- **Scraped caption text data**:
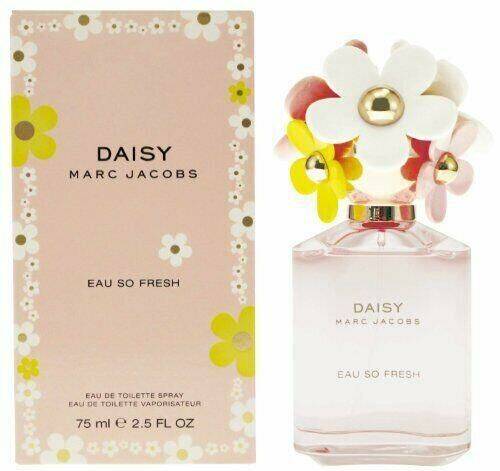 Marc Jacobs Fresh Edt 75 Ml - 1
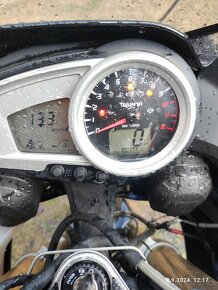 Triumph Tiger 1050 ABS 2007 - 3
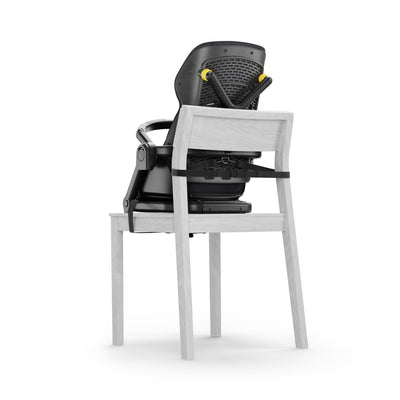 Veer Switchback Seat - Booster Seat - Grey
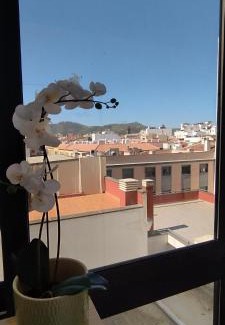 San Cristobal de La Laguna Apartment | Estudio centro de La Laguna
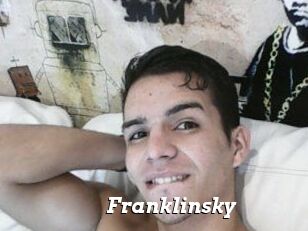 Franklinsky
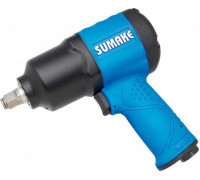 Гайковерт пневматический SUMAKE ST-IW1640 ударный УТ-00000588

- **Description of the task**:
Write every line above again exactly, but leave the pictures out.

- **Response area**:
 Marc Jacobs Fresh Edt 75 Ml - 1
 Triumph Tiger 1050 ABS 2007 - 3
 Veer Switchback Seat - Booster Seat - Grey
 San Cristobal de La Laguna Apartment | Estudio centro de La Laguna
 Franklinsky
 Гайковерт пневматический SUMAKE ST-IW1640 ударный УТ-00000588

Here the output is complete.